Uncluttered reality – is it real?
Conventions in Short Documentary by Jeffrey Ruoff, Cinema Journal 32, No. 3, Spring 1993
This is such a great article that it’s hard to find just two points in it that excite me and are new to me. In a big picture sense Ruoff provides a succinct summary of the history of observational synchronous-sound documentary filmmaking and then wraps his discussion of sound in documentary around the landmark television series An American Family, made in 1973 by director Craig Gilbert. What I really like about this is he lays out where this form of film-making had its roots and what the key drivers where and then shows how by as early as the 1970s these rules were being broken in An American Family.
A really key point that Ruoff makes is that location sound is a key element of observational documentaries and that paradoxically the very nature of shooting location sound can make discriminating sounds in a documentary difficult and sometimes almost impossible (Ruoff, p.24). He describes the clean ‘uncluttered clarity’ (Ruoff, p.24) of Hollywood style feature films that provide the viewer with an experience beyond realism, an experience of ‘heightened intelligibility’ (Ruoff, p.24) that feels like realism but is in fact highly constructed and controlled. He argues that where Hollywood sound tracks make it easier to understand sounds than in everyday life (because they are in many cases constructed by the foley artist in post production) documentary sound tracks can by their nature be more difficult to comprehend than sounds in real life (Ruoff, p. 28). This seems so simple but really captures the different worlds of feature and documentary filmmaking.
Having finished editing my first documentary last year, Ruoff’s discussion of the challenges and compromise of location sound is eye-opening and highly instructional. He notes that in some cases the filmmaker chooses to keep a scene with poor quality sound because that scene is pivotal (Ruoff, p. 28) which is a challenging decision. But he also describes how there are times when the clarity or sense of the soundtrack is so poor the filmmaker has to use other techniques to ensure the viewer can follow the situation. He describes how in An American Life the so-called rules of observational documentary-making are broken when a situation is re-recorded or where voice-over is used to explain something. He cites where what was said by the subject was so garbled and unclear that they felt they had to use voice-over to save the viewer from total confusion (p. 36). He also uses another situation in the documentary where the filmmaker records the sound of a subject’s footsteps in post-production because no synchronous sound was recorded at the time (Ruoff, p. 38).

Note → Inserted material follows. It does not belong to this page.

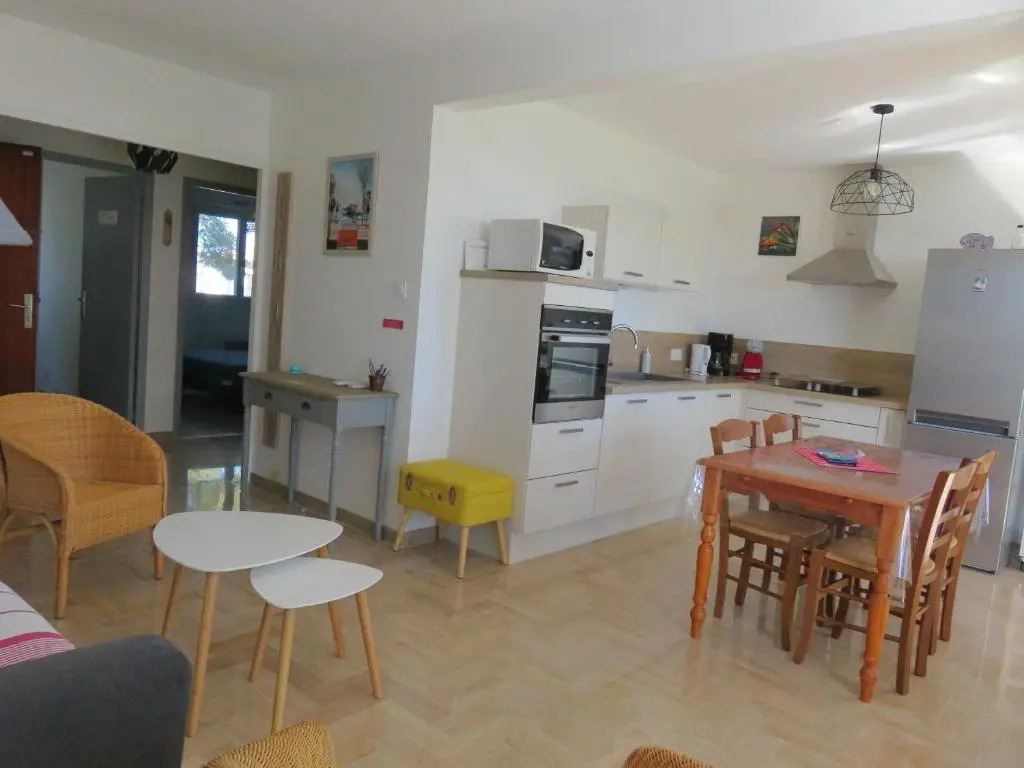 Grand T2 vue mer calme climatisé 500 m village et plage parking gratuit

Another key aspect of this article that I find really useful is the discussion of music in observational documentaries and the tradition that ‘music was fine as long as it was diegetic’ (Ruoff, p.32). Ruoff discusses how filmmakers argued that if the sound was sourced and recorded on location they were not obliged to pay copyright fees (p33). I am interested in following this up as I recently heard Michael Dahlstrom at MIFF discussing the making of the documentary The Animal Condition. He noted music as one of the biggest issues of the film and gave an example of having to lose a key scene because of the rights issues arising from music playing on the radio in the background. Ruoff also describes how diegetic music was used in An American Family to comment on focus on the mood or atmosphere of a scene (Ruoff, p. 33).
So I am left wanting to read more about the history of synchronous-sound observational documentary making and in particular to look at where that stands today – especially in a world where we are all owners of digital technology and are all capable of recording and sharing our life and our stories without the insertion of a filmmaker and their crew. I also want to explore the impact of the making and screening of the ABC/BBC production Sylvania Waters in Australia in 1992, our very own Aussie version of An American Life.